The Griffin Museum of Science and Industry did a little spring cleaning this past week to spruce up a fan favorite artifact.
The team at the iconic museum cleaned Colleen Moore’s Fairy Castle this week. It took eight hours to clean the entire castle.
The miniatures in the castle are placed into small containers one room at a time, so they can be dusted and cleaned using small brushes and tweezers. They are also inspected.
The castle is cleaned two or three times a year.
Colleen Moore’s Fairy Castle has been on display at the Griffin MSI since 1949.
Moore was a silent film star who was fascinated by dolls and doll houses as a youngster.
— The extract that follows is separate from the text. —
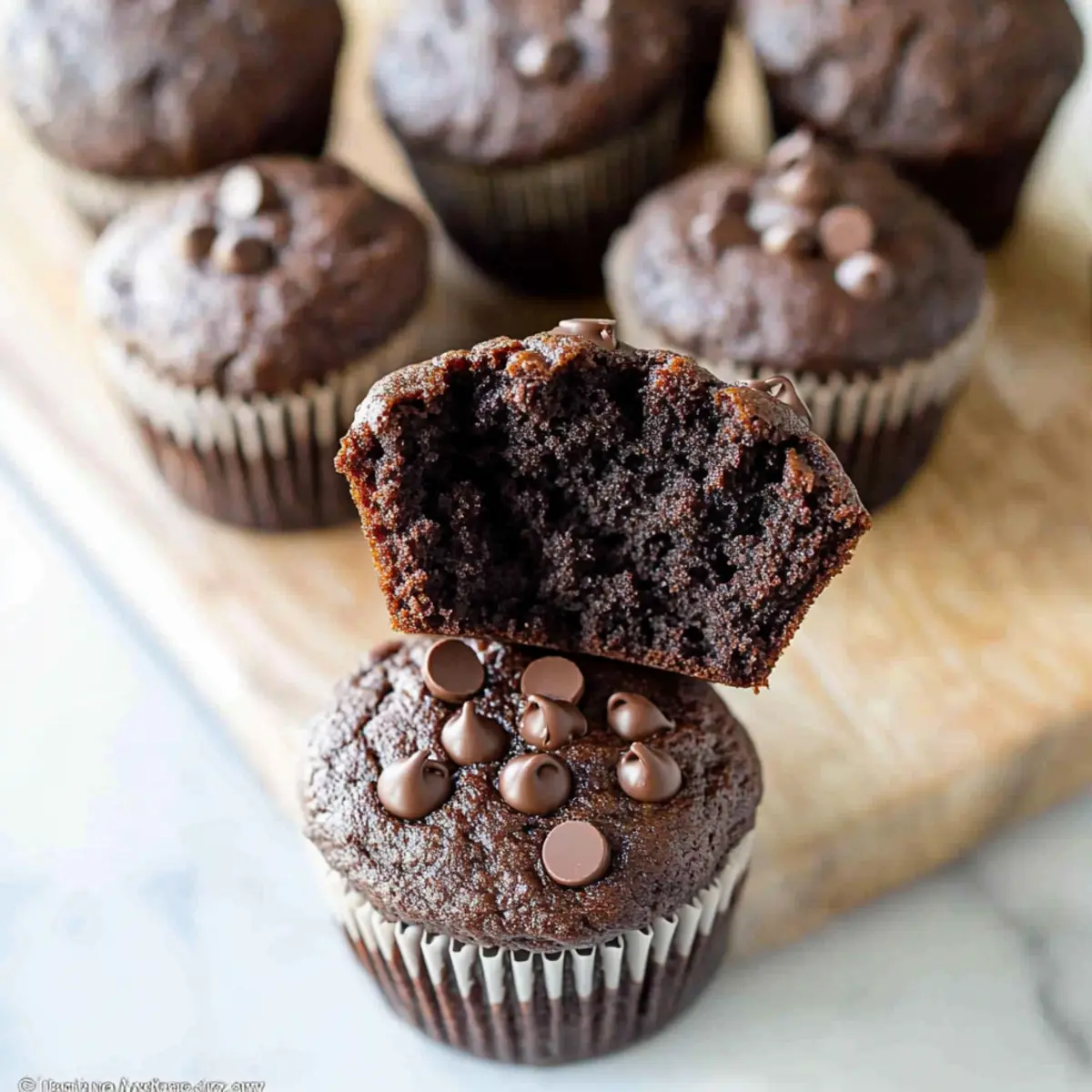 a1cce0a0 a0d9 4033 9039 2ab1bb59f78fbl rliunv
Later in her life, her father, Charles Morrison, suggested that she create the doll house of her dreams.
The Fairy Castle was the result. It was developed deliberately with no sense of reality to the architecture, the MSI noted. By the time it was completed in 1935, about 100 people had worked on the Fairy Castle — which contained more than 1,500 miniatures and cost nearly $500,000.
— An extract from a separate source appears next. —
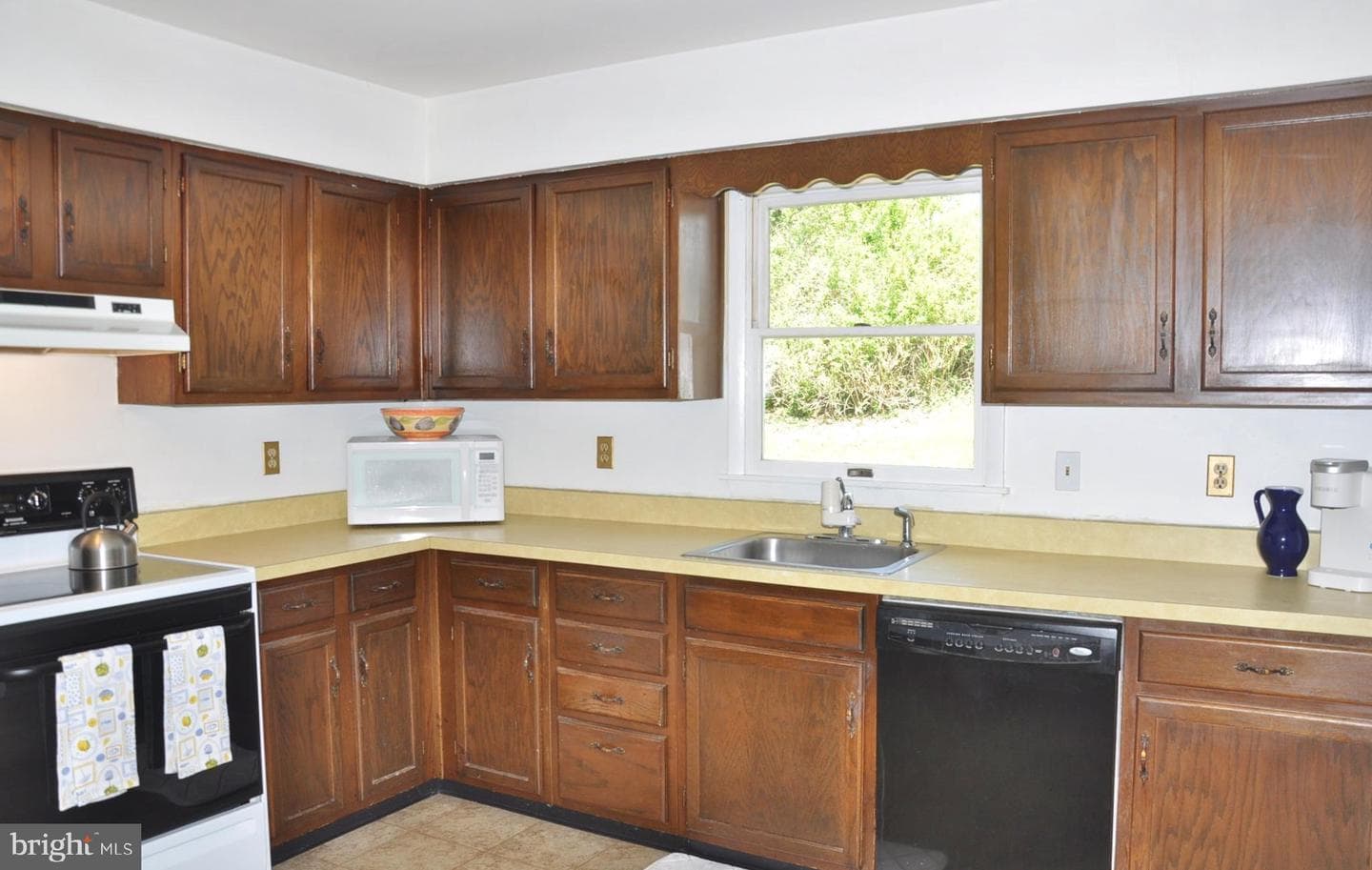 4843 Norrisville Road photo 17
In 1935 — two years after the Griffin MSI opened, but well before the Fairy Castle arrived there — Moore’s elaborate doll house went on a national tour. It stopped in most major U.S. cities, with visits to the toy department at Macy’s in New York City, May Co. in Los Angeles, and The Fair in Chicago, formerly at 128 S. State St.
The tour raised more than $650,000 for children’s charities between 1935 and 1939, the Griffin MSI noted.
In 1949, Griffin Museum of Science and Industry director Lenox Lohr persuaded Moore to bring the Fairy Castle to the museum. It is displayed behind glass on the ground floor, with a controlled temperature, humidity, and environment.